De vraag ‘waar was je toen Kennedy werd vermoord?’ kende in autosportkringen lange tijd een eigen variant: ‘waar was je toen Jim Clark verongelukte?’ De vraag alleen al drukte ongeloof uit, want niet alleen zijn fans over de hele wereld maar ook zijn collega-coureurs waren ervan overtuigd dat de Schot niet getroffen kon worden door het noodlot. Dus wel, en na het onvermijdelijke vroegen enkele coureurs zich af of het wel verstandig was om door te gaan.
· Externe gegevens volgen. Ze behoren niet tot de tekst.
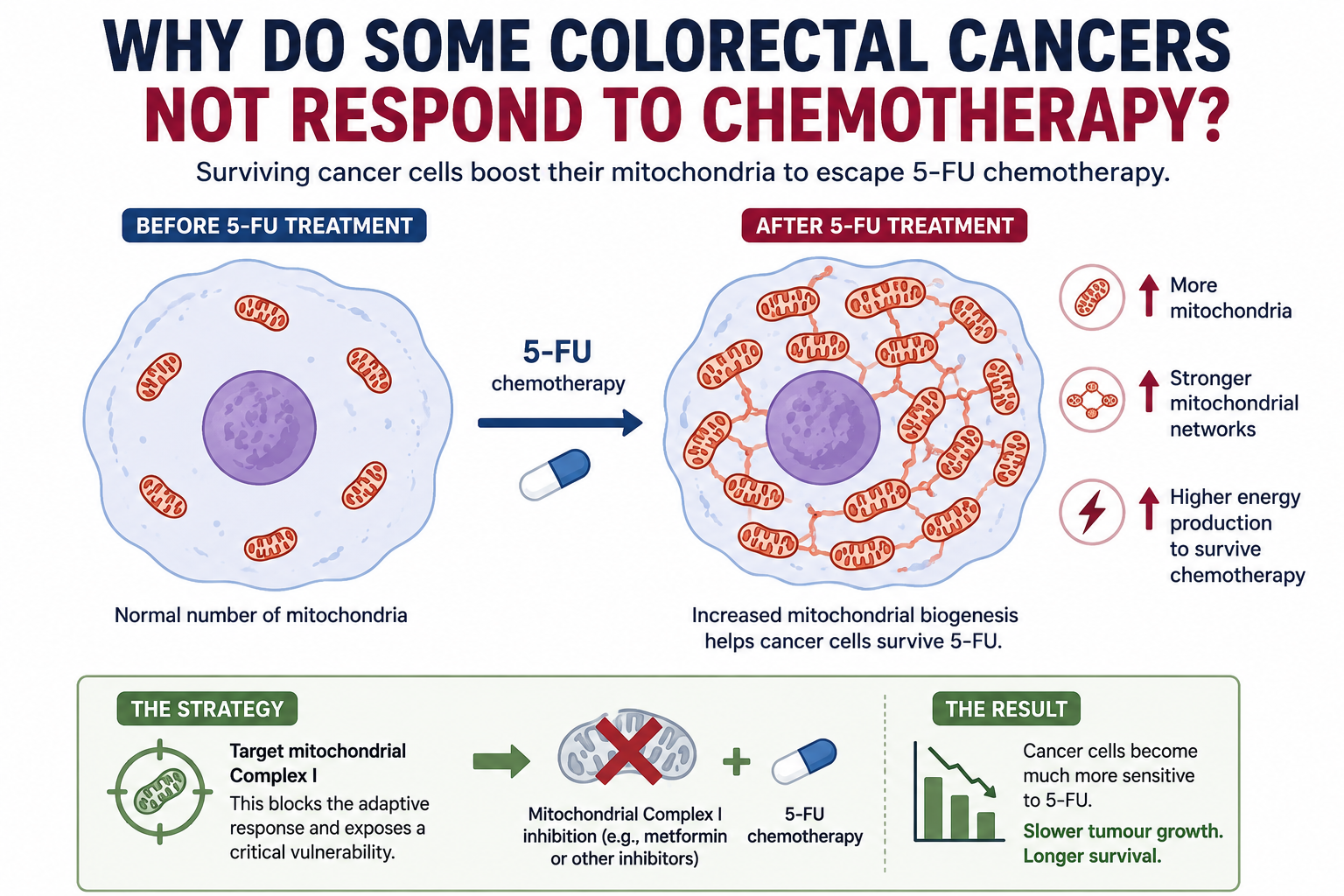 Can Cancer Cells Use Mitochondria to Escape Chemotherapy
Want Jim: dat bestaat niet. Zijn rijstijl kende een fabelachtige precisie, hij was soepel en snel. Het ging als vanzelf, alsof racen hem geen moeite kostte, een gave die Max Verstappen aan het ontwikkelen is. Gijs van Lennep vertelde me eens dat hij tijdens Formule 1-trainingen op Zandvoort het liefst over de duinen van Scheivlak naar Tunnel Oost liep, want daar kon je zien wie het verschil maakte. “Als ik later hoorde dat Clark de snelste tijd had gedraaid, dan was ik verbaasd omdat het er aan de buitenkant niet supersnel uitzag”, aldus Van Lennep.
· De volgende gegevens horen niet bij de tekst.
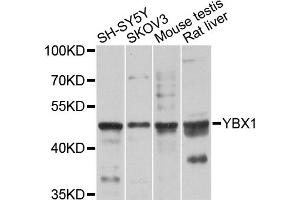 Western blot analysis of extracts of various cell lines, using YBX1 antibody (ABIN5995379) at 1/1000 dilution. (YBX1 anticorps)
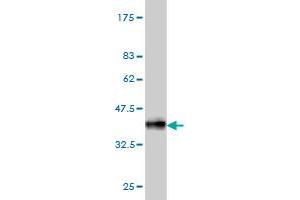 Western Blot detection against Immunogen (36. (CPNE1 antibody  (AA 111-210))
Zondag 7 april 1968, een voor altijd droeve dag voor de autosport, was ik bij de Paasraces op Zandvoort. Die keer besloot ik de wedstrijden te bekijken vanuit het commentaarhok, hoog op de tribune. Omroeper Philip Keller vertelde opgewekt en deskundig wat het publiek allemaal moest weten. Zoals altijd waren de traditionele Paasraces leuk en gevarieerd, een mooi begin van het seizoen. Iedereen had het naar de zin, de motoren ronkten weer en er was veel te zien. Vanaf mijn hoge zitpositie voelde ik me bevoorrecht. Plotseling ging de telefoon. De wedstrijdleiding belde Philip en gaf een onheilspellend bericht door: Jim Clark verongelukt op de Hockenheimring. Het ongeloof op Philips gezicht draaide snel om in woede. Hij mocht pas na afloop via de microfoon het tragische nieuws doorgeven, want de organisatie wilde de vrolijke sfeer niet verpesten. Misschien werd nog gedacht of gehoopt dat het nieuws vanuit Hockenheim niet klopte.
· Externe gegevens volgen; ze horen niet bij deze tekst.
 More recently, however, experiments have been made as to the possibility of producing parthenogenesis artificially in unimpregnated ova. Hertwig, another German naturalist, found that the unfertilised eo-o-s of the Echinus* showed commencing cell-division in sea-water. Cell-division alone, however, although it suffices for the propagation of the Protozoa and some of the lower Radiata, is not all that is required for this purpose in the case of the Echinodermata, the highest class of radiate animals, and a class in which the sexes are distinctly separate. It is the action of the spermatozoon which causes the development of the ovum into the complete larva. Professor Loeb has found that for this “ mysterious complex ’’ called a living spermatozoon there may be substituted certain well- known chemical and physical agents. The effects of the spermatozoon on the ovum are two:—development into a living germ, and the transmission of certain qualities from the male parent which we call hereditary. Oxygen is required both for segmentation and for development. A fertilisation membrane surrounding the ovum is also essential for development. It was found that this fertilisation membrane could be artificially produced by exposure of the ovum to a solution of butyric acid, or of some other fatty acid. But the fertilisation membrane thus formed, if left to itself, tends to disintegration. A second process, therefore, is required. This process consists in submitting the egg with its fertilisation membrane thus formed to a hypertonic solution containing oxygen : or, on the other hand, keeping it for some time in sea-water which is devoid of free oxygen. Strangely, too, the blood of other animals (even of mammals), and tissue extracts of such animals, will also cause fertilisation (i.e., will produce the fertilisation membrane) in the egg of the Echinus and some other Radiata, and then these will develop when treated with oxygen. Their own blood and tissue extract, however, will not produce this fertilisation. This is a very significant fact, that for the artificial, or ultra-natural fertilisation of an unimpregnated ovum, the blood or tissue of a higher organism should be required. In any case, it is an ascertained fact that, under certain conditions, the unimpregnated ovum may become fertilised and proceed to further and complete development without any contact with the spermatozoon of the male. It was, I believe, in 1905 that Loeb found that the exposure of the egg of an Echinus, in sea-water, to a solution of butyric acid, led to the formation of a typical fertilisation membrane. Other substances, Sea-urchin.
Zo was de sfeer anno 1968 in de Nederlandse autosportwereld. Tijd winnen op de dood was heilloos, maar Keller zweeg totdat hij eindelijk duidelijk kon maken wat in die tamelijk onbeduidende Formule 2-race in Duitsland was gebeurd. Het onvoorstelbare: Clark dood. Clark, die al zijn 72 Formule 1-races voor Lotus had gereden, die in 1963 en 1965 wereldkampioen werd en die 25 races won, was niet meer. Het nieuws was mede onbegrijpelijk doordat velen meenden dat Jim op Brands Hatch in Engeland in de nieuwe Ford-sportwagen zou rijden. Maar nee, het werd Hockenheim. De precieze oorzaak van de crash, op een recht stuk nog wel, is nooit opgehelderd. Materiaalbreuk of een langzaam leeglopende band leek het waarschijnlijkst. Hoe dan ook, Clark was kansloos toen zijn Lotus op topsnelheid opeens afboog naar links en tegen de bomen desintegreerde. Een week eerder was ik in Barcelona op het stratencircuit van Montjuich, waar in de Formule 2-race de Lotus van Clark voor de eerste bocht werd geramd. Dat gaf al te denken.

Auteur: Rob Wiedenhoff

Op de Hockenheimring staat nog een gedenkteken ter ere van de Schotse kampioen, maar de plek waar het fatale ongeluk plaatsvond is inmiddels overwoekerd na de inkorting van het circuit.